The main headline is of course the $870 billion outstanding balance.
Also noteworthy is the $85 billion that is held by those who are past
due. But what these numbers really illustrate is the human and financial
impact our bizarre student-loan system is having.
61 Percent Are Not Paying
As Edububble notes, 61% of folks with a student loan are not paying.

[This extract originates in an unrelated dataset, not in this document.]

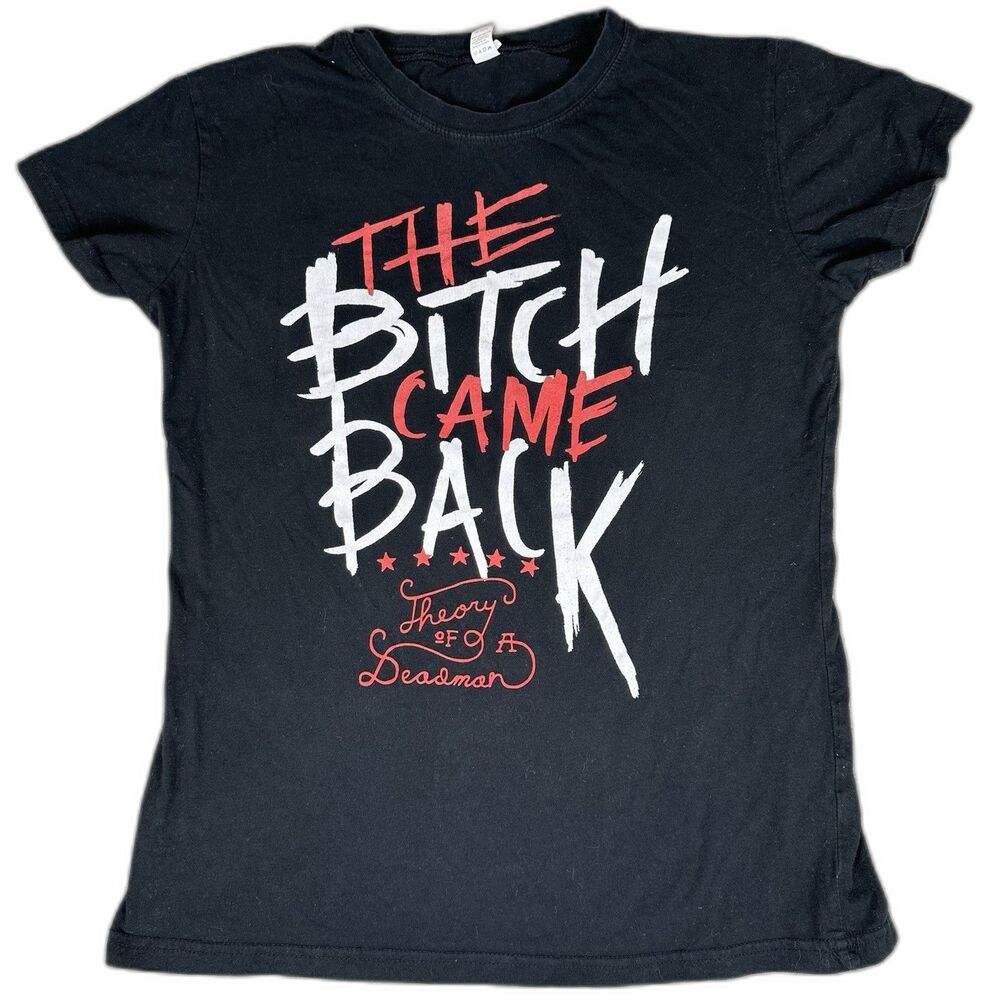 Rare Theory of a Deadman Band Tee Juniors 2XL B*tch Came Back Merch Shirt Cap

This includes a massive contingent (47%) in deferment (mostly current
students) or forbearance (mostly unemployed or under-employed?). To get a
pool of those that should be repaying, we’d ideally exclude just
current students, but that isn’t an option, so excluding both those in
deferment or forbearance indicates that 73% are repaying and 27% are
behind in their payments. To give you sense of how unhealthy this is,
consider that after the worst housing price crash in our history, 28% of
mortgages were underwater. That a comparable proportion of student loan
borrowers are in a sense underwater on their loans is absolutely
shocking.
The Financial Quagmire
The 27% that should be repaying but aren’t account for 21% of the
relevant outstanding loan balance. Some of that will eventually be
repaid of course, but some of it won’t be and the lender (US taxpayers)
will face big losses as a result. This is yet more evidence that student
loans are a drain on public finances, and one more reason to begin the
overdue rethinking of financial aid programs.